After locating the line with "vidaXL Παπουτσοθήκη Γκρι", repeat it and every following line to the end of the listing, exactly. Omit the pictures.

[The data — start]

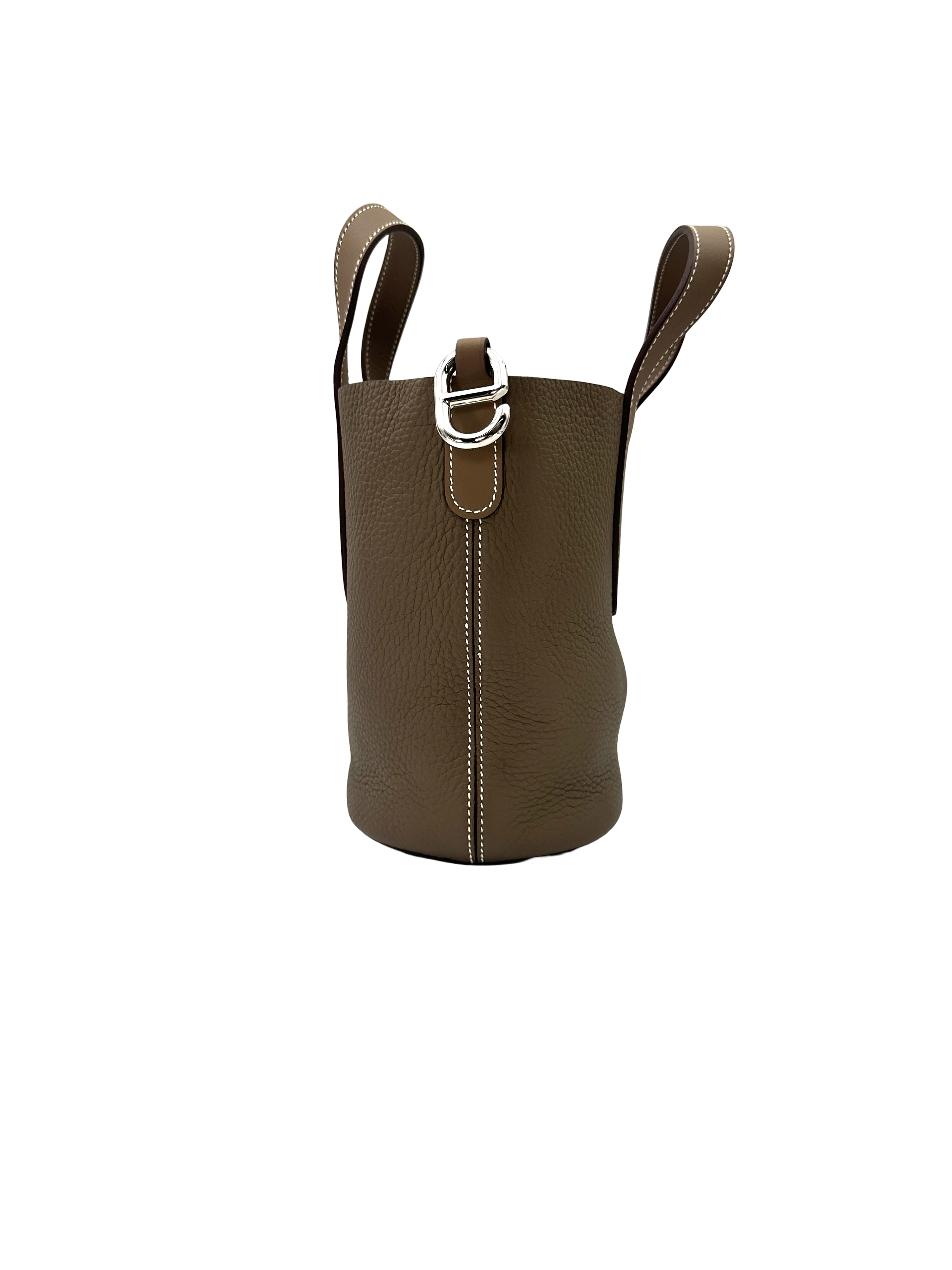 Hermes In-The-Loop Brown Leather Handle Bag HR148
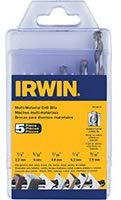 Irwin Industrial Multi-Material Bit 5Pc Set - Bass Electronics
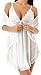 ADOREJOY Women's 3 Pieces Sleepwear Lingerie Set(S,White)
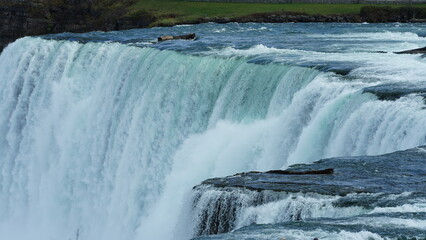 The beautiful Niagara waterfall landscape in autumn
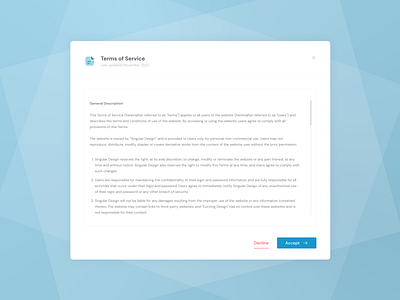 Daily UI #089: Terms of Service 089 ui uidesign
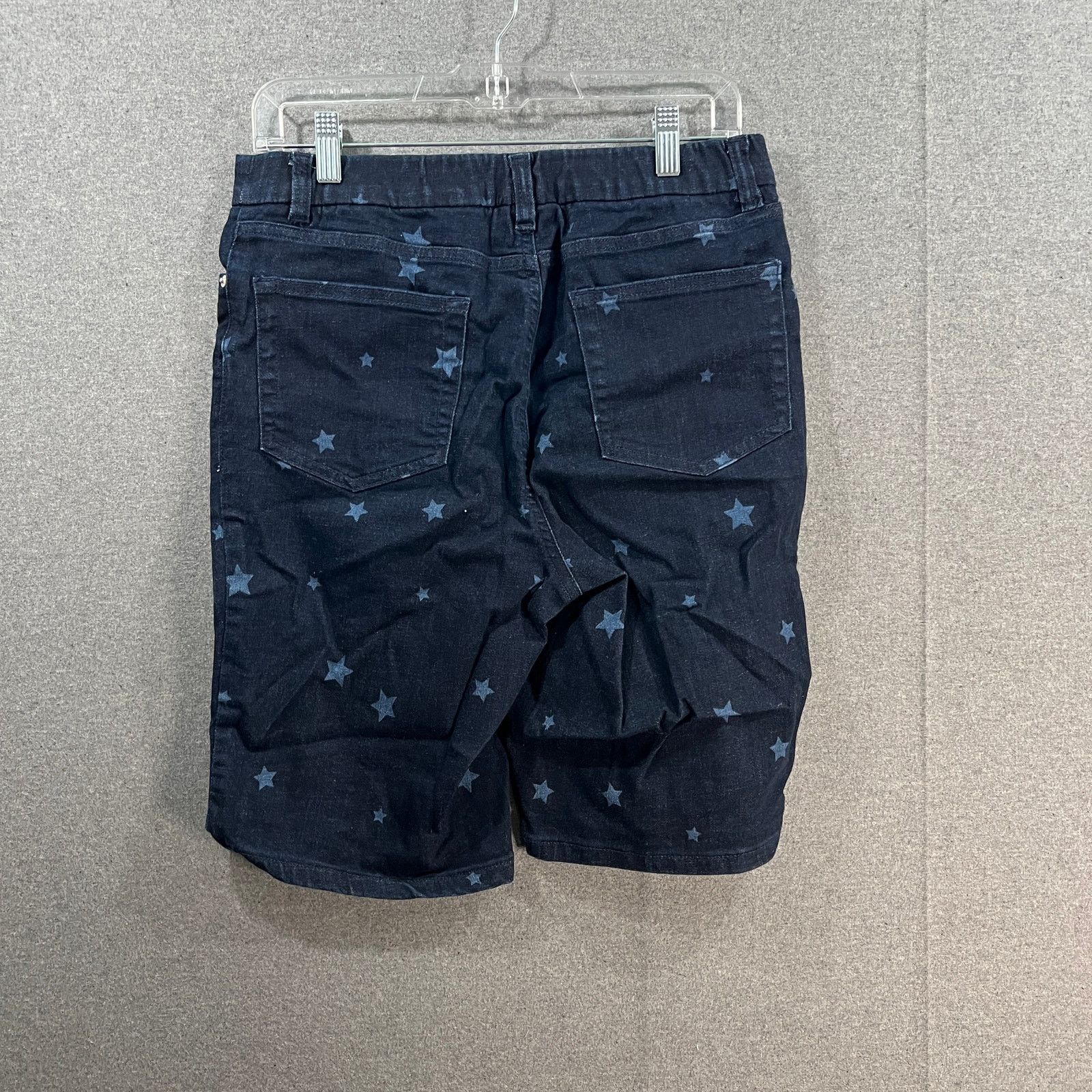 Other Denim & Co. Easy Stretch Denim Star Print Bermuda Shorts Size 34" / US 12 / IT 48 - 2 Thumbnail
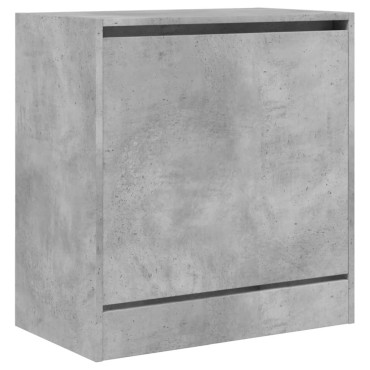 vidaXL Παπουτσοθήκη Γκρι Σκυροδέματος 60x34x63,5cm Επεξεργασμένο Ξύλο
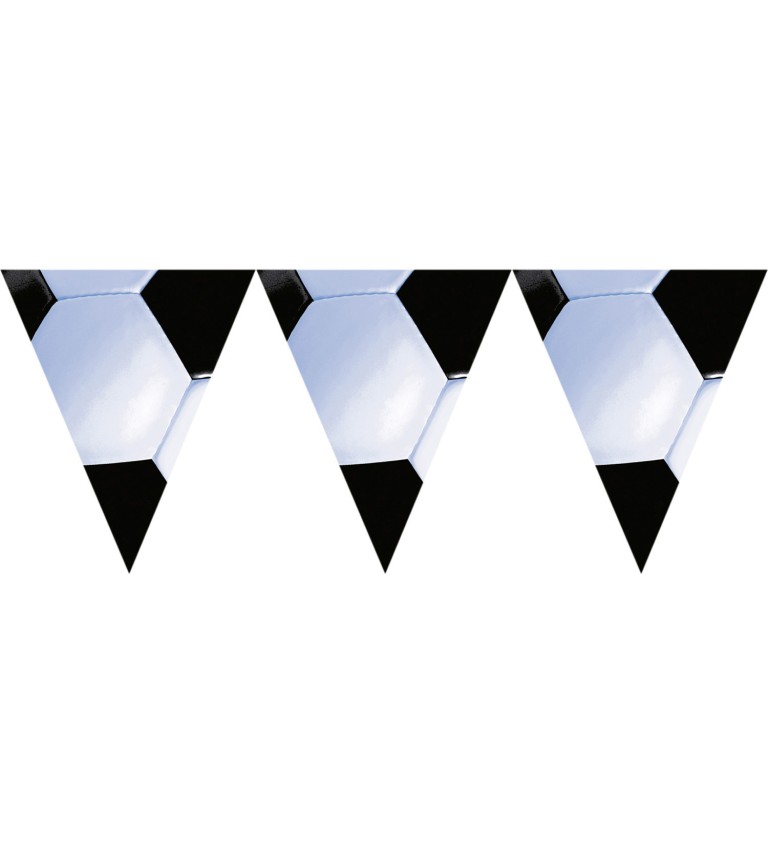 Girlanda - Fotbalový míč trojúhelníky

[The data — finish]

• _Exercise answer_:
 vidaXL Παπουτσοθήκη Γκρι Σκυροδέματος 60x34x63,5cm Επεξεργασμένο Ξύλο
 Girlanda - Fotbalový míč trojúhelníky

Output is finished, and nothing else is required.